▶ _TASK PROMPT_: Word for word, restate the lines of the listing below from the line with "Baumeister Ausgabe 2025009" through the line with "Chainsaw Men Designed Oversized Sweatshirt", and do not include the pictures.

##### RECORDED INFORMATION #####

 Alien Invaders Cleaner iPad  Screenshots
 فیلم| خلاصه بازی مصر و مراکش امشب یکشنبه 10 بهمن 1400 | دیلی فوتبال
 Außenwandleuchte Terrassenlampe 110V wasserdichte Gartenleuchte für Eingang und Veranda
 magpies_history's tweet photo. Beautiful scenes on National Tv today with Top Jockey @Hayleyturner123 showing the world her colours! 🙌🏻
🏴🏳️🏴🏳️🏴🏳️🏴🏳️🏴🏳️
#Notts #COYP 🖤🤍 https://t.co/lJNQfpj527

#####
##### RECORDED INFORMATION #####

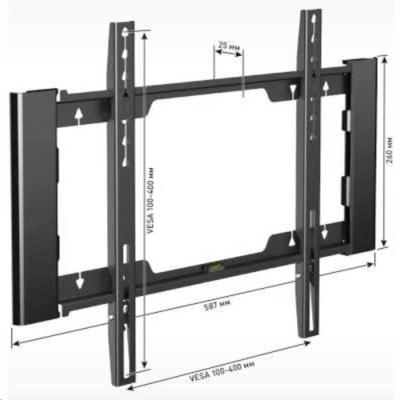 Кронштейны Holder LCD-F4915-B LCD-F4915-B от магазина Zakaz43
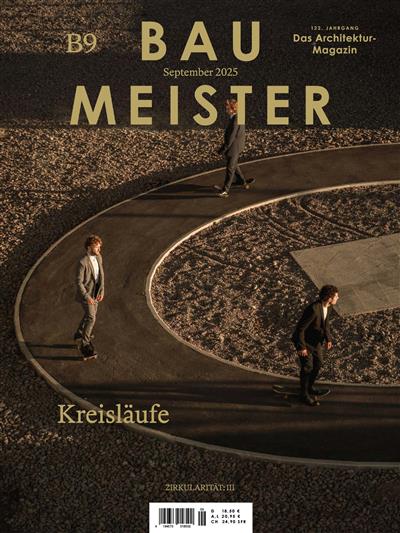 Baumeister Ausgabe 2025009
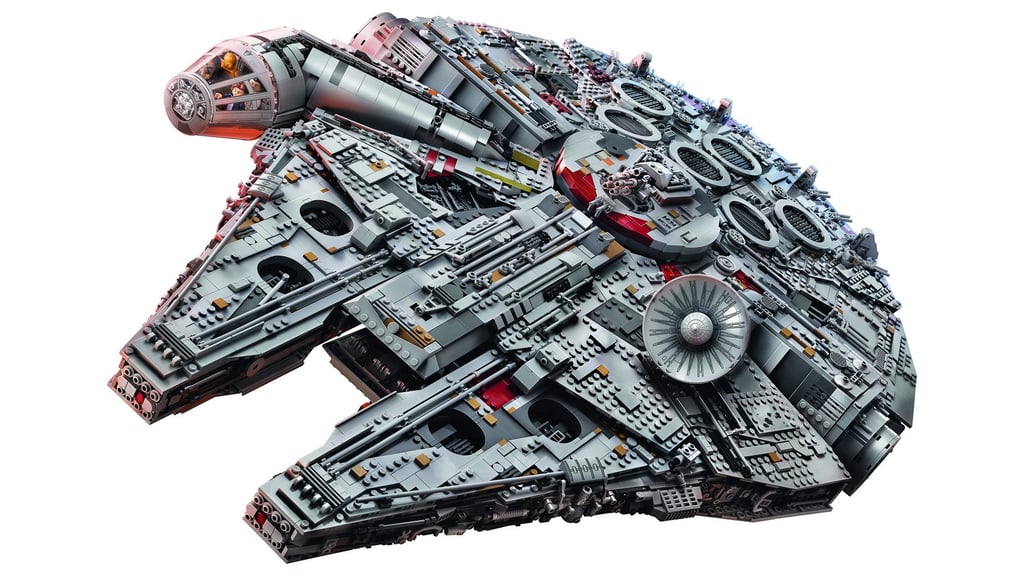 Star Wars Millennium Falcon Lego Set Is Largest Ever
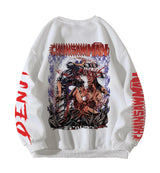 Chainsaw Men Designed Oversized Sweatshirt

#####

▶ _EXERCISE RESPONSE_:
 Baumeister Ausgabe 2025009
 Star Wars Millennium Falcon Lego Set Is Largest Ever
 Chainsaw Men Designed Oversized Sweatshirt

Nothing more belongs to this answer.